You are viewing a plain text version of this content. The canonical link for it is here.
Posted to dev@hive.apache.org by Carl Steinbach <cw...@apache.org> on 2018/08/07 04:31:26 UTC
Re: Review Request 68099: SerDe to support Teradata Binary Format
-----------------------------------------------------------
This is an automatically generated e-mail. To reply, visit:
https://reviews.apache.org/r/68099/#review206929
-----------------------------------------------------------
Please note that while I have not commented on every occurrence of the following issues, I would still like them all to be fixed:
* Unnecessary 'else' clauses
* Unnecessary uses of 'this'
* RuntimeExceptions which should be replaced with checked exceptions.
contrib/src/java/org/apache/hadoop/hive/contrib/fileformat/teradata/TeradataBinaryFileInputFormat.java
Lines 1 (patched)
<https://reviews.apache.org/r/68099/#comment290075>
I think this code and the other files in this patch belong in the serde module. Please move the code to serde/src/java/org/apache/hadoop/hive/serde2/teradata
contrib/src/java/org/apache/hadoop/hive/contrib/fileformat/teradata/TeradataBinaryFileOutputFormat.java
Lines 71 (patched)
<https://reviews.apache.org/r/68099/#comment290076>
This should be a static final class variable, i.e:
static final byte RECORD_END_BYTE = ...
contrib/src/java/org/apache/hadoop/hive/contrib/fileformat/teradata/TeradataBinaryRecordReader.java
Lines 74 (patched)
<https://reviews.apache.org/r/68099/#comment290081>
Please avoid unnecessary uses of "this", both in this file and others in the patch.
contrib/src/java/org/apache/hadoop/hive/contrib/fileformat/teradata/TeradataBinaryRecordReader.java
Lines 89 (patched)
<https://reviews.apache.org/r/68099/#comment290083>
Change message to "Input file is compressed. Using compression code %s"
contrib/src/java/org/apache/hadoop/hive/contrib/fileformat/teradata/TeradataBinaryRecordReader.java
Lines 92 (patched)
<https://reviews.apache.org/r/68099/#comment290082>
Please remove or change message to "The input file is not compressed".
contrib/src/java/org/apache/hadoop/hive/contrib/fileformat/teradata/TeradataBinaryRecordReader.java
Lines 116 (patched)
<https://reviews.apache.org/r/68099/#comment290077>
static import String.format() in order to avoid constantly using the "String." prefix.

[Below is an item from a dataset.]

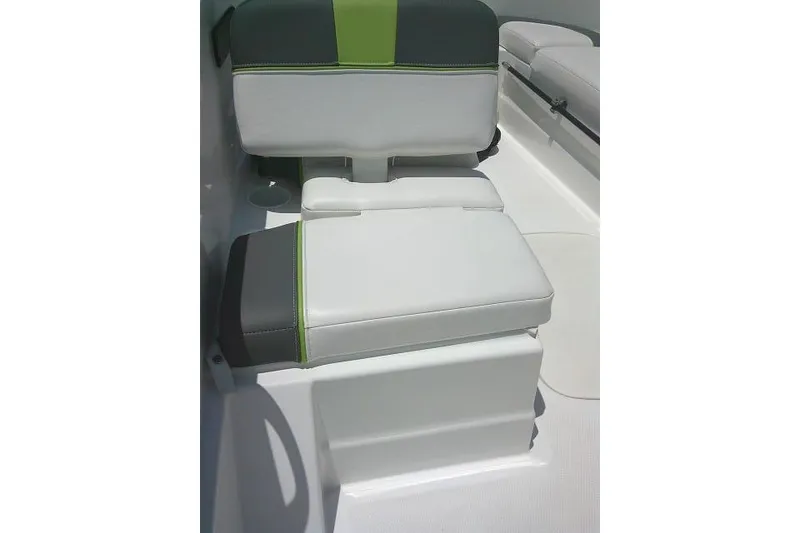 Slide: The Image of 2022 Tahoe T16 boat seat with white, gray, and green upholstery. - 14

contrib/src/java/org/apache/hadoop/hive/contrib/fileformat/teradata/TeradataBinaryRecordReader.java
Lines 155 (patched)
<https://reviews.apache.org/r/68099/#comment290078>
Magic constants (e.g. "0x0a") should be defined in one place (e.g. TeradataConstants.java) as a static final variable.

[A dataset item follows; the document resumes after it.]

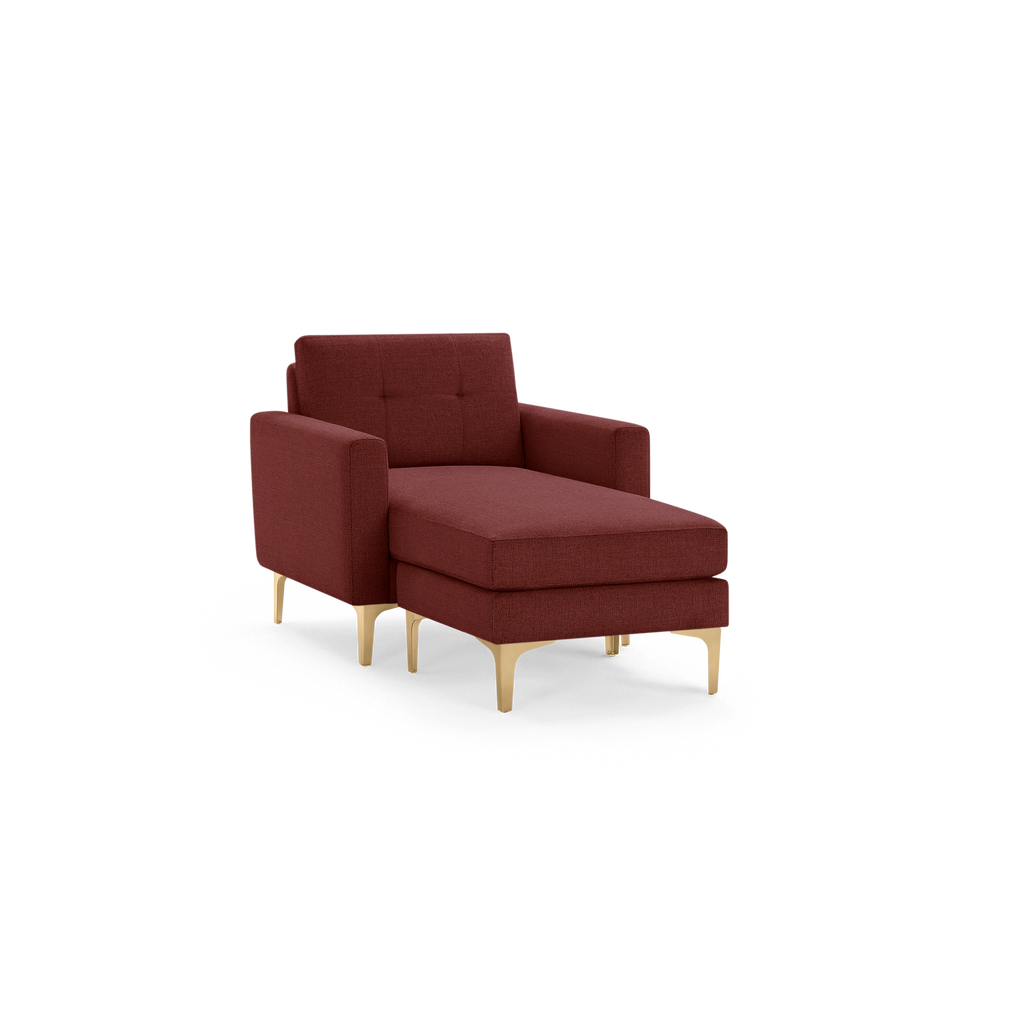 Modern deep red upholstered chaise lounge with tufted backrest, squared armrests, and light wooden tapered legs.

contrib/src/java/org/apache/hadoop/hive/contrib/fileformat/teradata/TeradataBinaryRecordReader.java
Lines 197 (patched)
<https://reviews.apache.org/r/68099/#comment290079>
Remove
contrib/src/java/org/apache/hadoop/hive/contrib/fileformat/teradata/TeradataBinaryRecordReader.java
Lines 211 (patched)
<https://reviews.apache.org/r/68099/#comment290080>
Please make this more readable by replace the ?: operator with equivalent if(){} else {} code.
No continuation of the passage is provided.